#### Task goal
Output only the lines that run from the line holding "When I was younger" to the end of the data below, including both ends, without any pictures.

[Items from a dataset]
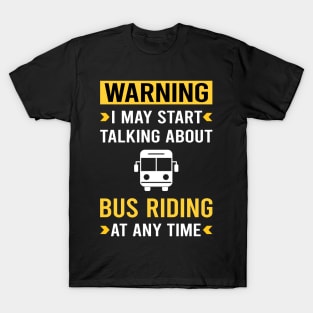 Warning Bus Riding Ride Rider T-Shirt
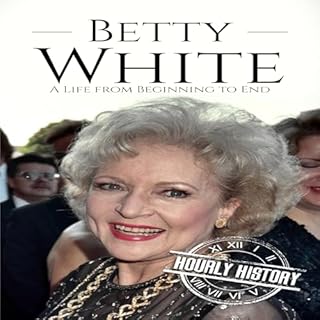 Betty White Audiolibro Por Hourly History arte de portada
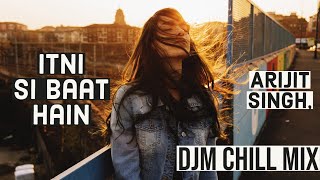 Itni Si Baat Hai ft. DJM | Arijit Singh Songs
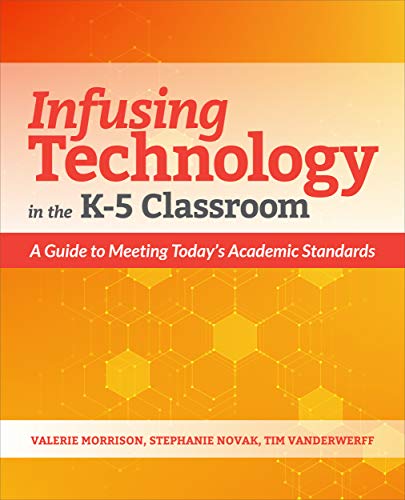 Read Infusing Technology in the K-5 Classroom: A Guide to Meeting Today's Academic Standards, written by Valerie Morrison; Stephanie Novak; Tim Vanderwerff Read Infusing Technology in the K-5 Classroom: A Guide to Meeting Today's Academic Standards, written by Valerie Morrison; Stephanie Novak; Tim Vanderwerff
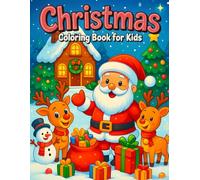Christmas Coloring Book for Kids: Easy 50+ Bold Coloring Fun Pages for Children with Cute and Big Santa, Christmas Trees, Reindeer, Snowman, Gifts Box ... Stocking Stuffer for Kids of All Ages.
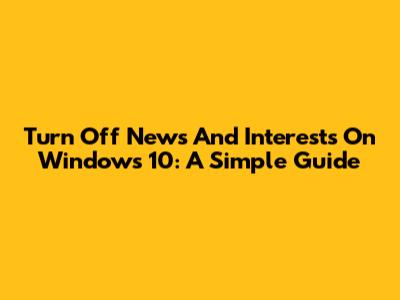 Turn Off News And Interests On Windows 10: A Simple Guide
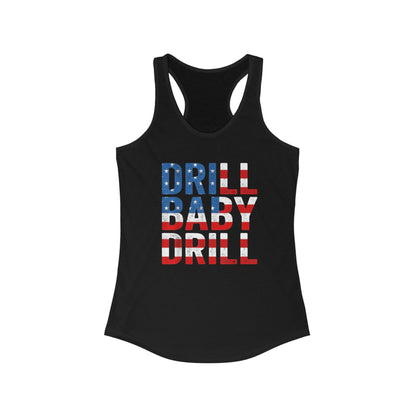 Women's Drill Baby Drill Tank Top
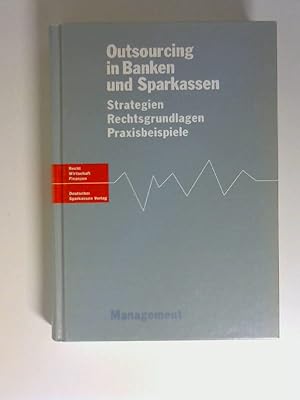 Outsourcing in Banken und Sparkassen : Strategien, rechtliche Grundlagen, Praxisbeispiele. Recht,...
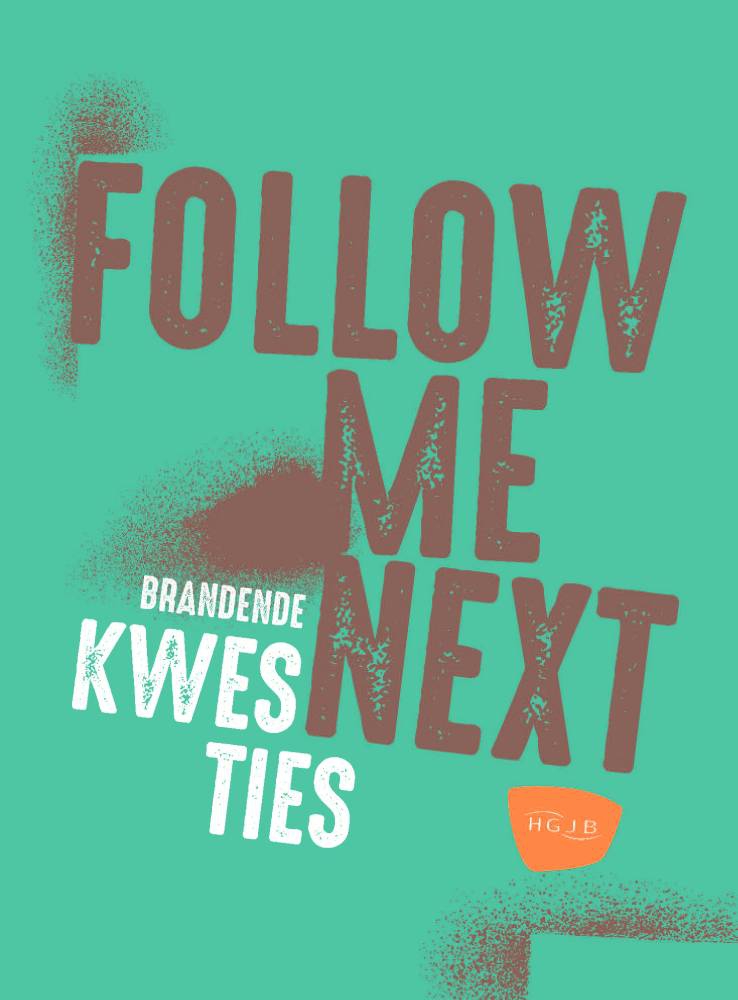 Follow Me Next Werkboek 'Brandende kwesties'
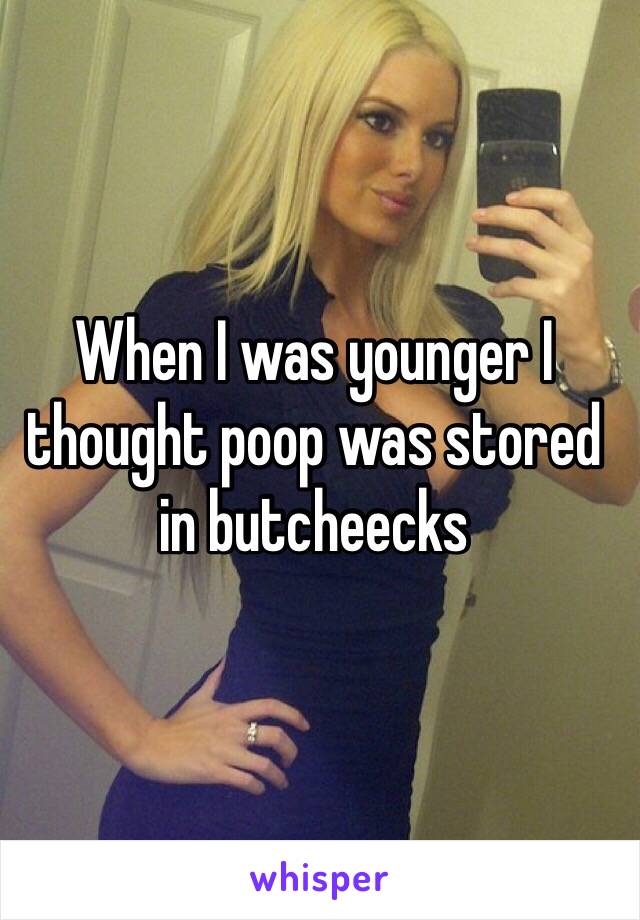 When I was younger I thought poop was stored in butcheecks 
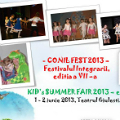 Pe 1 si 2 iunie, va invitam la CONIL FEST - Festivalul Integrarii, editia a VII -a si la KID's SUMMER FAIR 2013 - editia a III-a Pe 1 si 2 iunie, va invitam la CONIL FEST - Festivalul Integrarii, editia a VII -a si la KID's SUMMER FAIR 2013 - editia a III-a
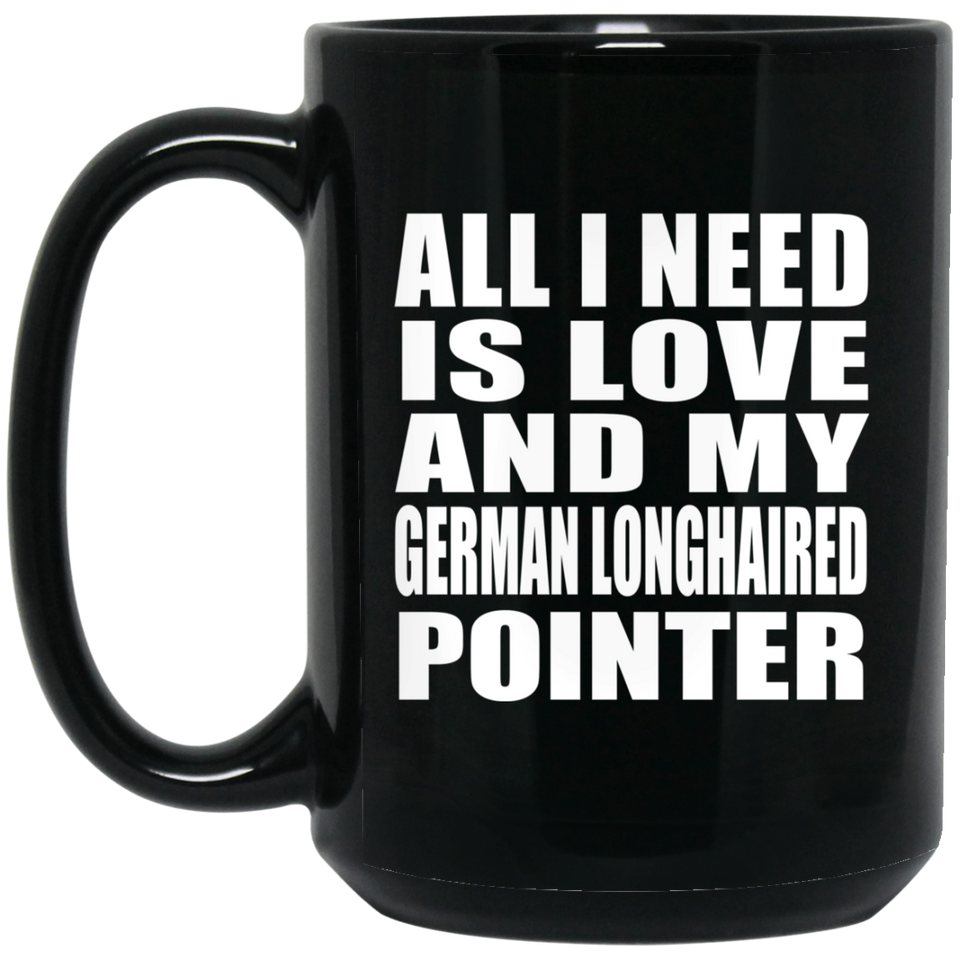 All I Need Is Love And My German Longhaired Pointer - 15 Oz Coffee Mug Black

#### Response to the exercise
 When I was younger I thought poop was stored in butcheecks 
 Pe 1 si 2 iunie, va invitam la CONIL FEST - Festivalul Integrarii, editia a VII -a si la KID's SUMMER FAIR 2013 - editia a III-a Pe 1 si 2 iunie, va invitam la CONIL FEST - Festivalul Integrarii, editia a VII -a si la KID's SUMMER FAIR 2013 - editia a III-a
 All I Need Is Love And My German Longhaired Pointer - 15 Oz Coffee Mug Black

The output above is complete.